General Discussion
In reply to the discussion: AI: Something Big Is Happening [View all]lapfog_1
(31,812 posts)Vibe coding is a restatement of the goals of... COBOL. Read Jean Sammet's History and Fundamentals of Programming, published in 1969. She was one of the inventors of COBOL in 1959, the stated goal of which was to allow for "anyone" to write code by "speaking English". Of course, COBOL didn't even come close to making that goal a reality.
I used to teach Compute Science at the University of Kansas ( Go Jayhawks ), sometimes I was teaching CS200 ( Introduction to Computer Science ). On the first day of class I didn't teach a damn thing about Computers or FORTRAN or Assembler or Basic or anything.

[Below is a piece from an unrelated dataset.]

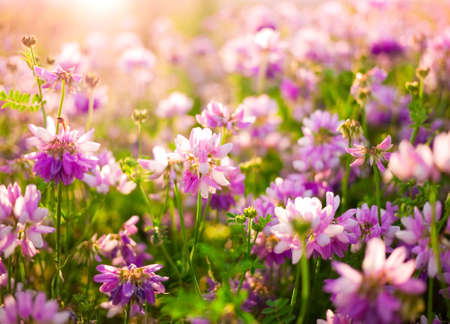 flower background with a lot of pink flowers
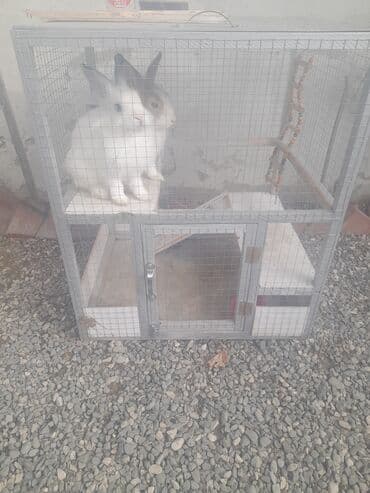 ereb dovşanı: İkiqatlı dovşan qəfəsi - Material: möhkəm taxta karkas, sinklənmiş — 2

What I did was to go to the blackboard ( yeah, chalk on a blackboard - white boards and markers hadn't been invented yet )... and have the class play tic-tac-toe.
I would play the class. I would put an X someplace and then ask the class where they wanted an "O". When they all agreed on the move... I would ask a simple question "why there?" Explain why you needed to make THAT move.
It's not the code, it is solving the problem ( whether in English as in an AI prompt or in FORTRAN or C or Python ). Someone needs to describe the algorithm that solves the "puzzle". The AI can do rote recitation of known solutions, and then code it for you... but if they haven't been trained on it, good luck getting anything out that makes sense or is any way optimal.
For example, I could possibly explain the rules of Chess well enough for an AI to invent some Chess playing code... might even find enough articles about it in what it scraped from the internet to do a decent job. However, would it ever be inventive enough to invent a Chess playing program that simulated Chess moves using nothing but Boolean ( and pseudo Boolean ) logic ( AND, OR, NOT or XOR, and leading and trailing zero counts ). I doubt seriously than an AI could invent such an algorithm. However, in the early 1980s, my co-worker and I did just that.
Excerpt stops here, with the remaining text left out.